Short text fragments from websites:
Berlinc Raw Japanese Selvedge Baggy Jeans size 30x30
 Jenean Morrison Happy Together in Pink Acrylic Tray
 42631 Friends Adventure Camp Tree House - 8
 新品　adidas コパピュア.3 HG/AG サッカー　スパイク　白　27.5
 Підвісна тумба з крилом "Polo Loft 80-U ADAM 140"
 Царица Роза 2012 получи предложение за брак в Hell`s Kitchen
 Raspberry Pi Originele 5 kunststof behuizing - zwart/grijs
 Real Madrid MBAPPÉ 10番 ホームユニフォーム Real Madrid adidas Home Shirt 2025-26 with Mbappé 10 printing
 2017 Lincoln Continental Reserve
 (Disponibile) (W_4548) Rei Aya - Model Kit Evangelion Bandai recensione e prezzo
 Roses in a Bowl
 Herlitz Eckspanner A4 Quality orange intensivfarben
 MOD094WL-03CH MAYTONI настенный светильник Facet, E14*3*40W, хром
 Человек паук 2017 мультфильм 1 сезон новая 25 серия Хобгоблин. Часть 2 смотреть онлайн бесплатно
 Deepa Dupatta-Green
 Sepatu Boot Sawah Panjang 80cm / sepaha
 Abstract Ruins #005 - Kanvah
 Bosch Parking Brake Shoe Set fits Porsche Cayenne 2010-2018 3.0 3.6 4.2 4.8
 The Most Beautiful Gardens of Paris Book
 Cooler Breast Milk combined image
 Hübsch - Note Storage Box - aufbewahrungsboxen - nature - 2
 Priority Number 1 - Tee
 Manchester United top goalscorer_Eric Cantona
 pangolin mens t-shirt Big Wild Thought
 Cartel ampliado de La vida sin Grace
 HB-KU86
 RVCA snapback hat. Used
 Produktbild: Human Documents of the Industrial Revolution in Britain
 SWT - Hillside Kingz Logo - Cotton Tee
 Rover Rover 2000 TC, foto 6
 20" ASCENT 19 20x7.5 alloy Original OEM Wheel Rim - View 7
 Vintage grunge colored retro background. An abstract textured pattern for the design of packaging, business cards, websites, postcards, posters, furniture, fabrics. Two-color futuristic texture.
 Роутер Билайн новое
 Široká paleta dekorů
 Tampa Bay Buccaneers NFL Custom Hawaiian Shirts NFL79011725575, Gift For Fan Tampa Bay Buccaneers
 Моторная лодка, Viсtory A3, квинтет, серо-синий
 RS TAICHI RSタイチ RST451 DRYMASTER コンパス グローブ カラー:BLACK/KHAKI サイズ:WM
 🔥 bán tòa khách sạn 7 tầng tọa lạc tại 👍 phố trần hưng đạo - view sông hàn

WHAT YOU HAVE TO DO: Reproduce every record, making sure each one stays exactly the same.

SOLUTION TO THIS EXERCISE:
Berlinc Raw Japanese Selvedge Baggy Jeans size 30x30
 Jenean Morrison Happy Together in Pink Acrylic Tray
 42631 Friends Adventure Camp Tree House - 8
 新品　adidas コパピュア.3 HG/AG サッカー　スパイク　白　27.5
 Підвісна тумба з крилом "Polo Loft 80-U ADAM 140"
 Царица Роза 2012 получи предложение за брак в Hell`s Kitchen
 Raspberry Pi Originele 5 kunststof behuizing - zwart/grijs
 Real Madrid MBAPPÉ 10番 ホームユニフォーム Real Madrid adidas Home Shirt 2025-26 with Mbappé 10 printing
 2017 Lincoln Continental Reserve
 (Disponibile) (W_4548) Rei Aya - Model Kit Evangelion Bandai recensione e prezzo
 Roses in a Bowl
 Herlitz Eckspanner A4 Quality orange intensivfarben
 MOD094WL-03CH MAYTONI настенный светильник Facet, E14*3*40W, хром
 Человек паук 2017 мультфильм 1 сезон новая 25 серия Хобгоблин. Часть 2 смотреть онлайн бесплатно
 Deepa Dupatta-Green
 Sepatu Boot Sawah Panjang 80cm / sepaha
 Abstract Ruins #005 - Kanvah
 Bosch Parking Brake Shoe Set fits Porsche Cayenne 2010-2018 3.0 3.6 4.2 4.8
 The Most Beautiful Gardens of Paris Book
 Cooler Breast Milk combined image
 Hübsch - Note Storage Box - aufbewahrungsboxen - nature - 2
 Priority Number 1 - Tee
 Manchester United top goalscorer_Eric Cantona
 pangolin mens t-shirt Big Wild Thought
 Cartel ampliado de La vida sin Grace
 HB-KU86
 RVCA snapback hat. Used
 Produktbild: Human Documents of the Industrial Revolution in Britain
 SWT - Hillside Kingz Logo - Cotton Tee
 Rover Rover 2000 TC, foto 6
 20" ASCENT 19 20x7.5 alloy Original OEM Wheel Rim - View 7
 Vintage grunge colored retro background. An abstract textured pattern for the design of packaging, business cards, websites, postcards, posters, furniture, fabrics. Two-color futuristic texture.
 Роутер Билайн новое
 Široká paleta dekorů
 Tampa Bay Buccaneers NFL Custom Hawaiian Shirts NFL79011725575, Gift For Fan Tampa Bay Buccaneers
 Моторная лодка, Viсtory A3, квинтет, серо-синий
 RS TAICHI RSタイチ RST451 DRYMASTER コンパス グローブ カラー:BLACK/KHAKI サイズ:WM
 🔥 bán tòa khách sạn 7 tầng tọa lạc tại 👍 phố trần hưng đạo - view sông hàn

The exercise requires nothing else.